The presentation of stroke can be complex, characterized by both false positives and false negatives. In the article “Strokes: Mimics and Chameleons” Fernandes et al address stroke-related diagnostic challenges.1 “Mimics” (false positives)—ie, non-stroke conditions that present with symptoms similar to stroke—account for up to 25% of suspected stroke presentations. A “chameleon” is a stroke that masquerades as a different disease state (false negative);1 indeed, a “seemingly infinite number” of ostensibly different clinical syndromes can turn out to be stroke.2
Despite the availability of measurement scales such as the Face, Arm, Speech, Time (FAST) score,3 or the Recognition of Stroke in the Emergency Room (ROSIER),4 diagnosis can remain elusive.1 Moreover, sophisticated imaging techniques—eg, magnetic resonance imaging (MRI) with diffusion-weighted imaging (DWI) and brain computed tomography (CT)—are sensitive and specific for diagnosing stroke, but their utility declines with time following stroke onset. Therefore, the authors recommend clinical history and examination as the “reference standard,” supported by brain imaging for avoiding both mimics and chameleons.
Key diagnostic clues aid in detecting potential mimics.

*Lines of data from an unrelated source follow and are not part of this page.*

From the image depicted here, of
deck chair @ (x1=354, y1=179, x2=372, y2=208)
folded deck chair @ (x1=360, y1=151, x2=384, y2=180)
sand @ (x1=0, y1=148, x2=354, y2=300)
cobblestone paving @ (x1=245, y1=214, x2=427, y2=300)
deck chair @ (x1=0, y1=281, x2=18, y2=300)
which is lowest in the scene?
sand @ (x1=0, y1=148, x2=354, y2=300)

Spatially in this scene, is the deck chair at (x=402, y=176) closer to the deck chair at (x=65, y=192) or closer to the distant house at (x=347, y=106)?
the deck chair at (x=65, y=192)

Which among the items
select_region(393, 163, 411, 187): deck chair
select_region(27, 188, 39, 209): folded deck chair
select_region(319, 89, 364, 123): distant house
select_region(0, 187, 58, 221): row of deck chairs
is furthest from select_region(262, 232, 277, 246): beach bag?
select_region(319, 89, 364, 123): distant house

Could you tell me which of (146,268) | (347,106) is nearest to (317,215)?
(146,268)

Postictal Todd’s paresis, which accounts for almost 20% of stroke mimics, can be recognized by recurrent (albeit subtle) focal motor seizures, a history of epilepsy (often previously undiagnosed), or an old stroke that may have served as the substrate for the current seizure. MRI with DWI and apparent diffusion coefficient sequences can help distinguish remote from recent ischemic stroke. This is a critical distinction, as thrombolytic therapy is contraindicated in seizures.

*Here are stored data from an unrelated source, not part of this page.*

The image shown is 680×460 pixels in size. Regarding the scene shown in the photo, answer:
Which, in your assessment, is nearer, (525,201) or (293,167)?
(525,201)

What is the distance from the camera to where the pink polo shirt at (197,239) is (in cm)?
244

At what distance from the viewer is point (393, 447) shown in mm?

Hypoglycemia accounts for a surprising number of stroke mimics. Although it commonly presents with autonomic symptoms, it can present with focal neurological symptoms and signs alone. Measuring blood sugar before administration of thrombolysis [ie, the “airway, breathing, circulation, don’t ever forget blood glucose” (ABC-DEFG) approach] is important.

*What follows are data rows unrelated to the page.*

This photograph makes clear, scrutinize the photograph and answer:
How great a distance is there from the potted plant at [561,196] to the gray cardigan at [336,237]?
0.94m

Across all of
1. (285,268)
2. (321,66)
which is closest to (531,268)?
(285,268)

Sepsis accounts for 12% of mimics. Systemic examination, together with septic screen, may identify the focus of infection. Fever and elevated inflammatory markers are important clues. Sepsis and stroke can occur simultaneously, or systemic upset may exacerbate neurological deficits from previous stroke. The authors advise establishing a clear history of previous strokes, residual neurological deficits, full drug history, and a history of sepsis symptoms.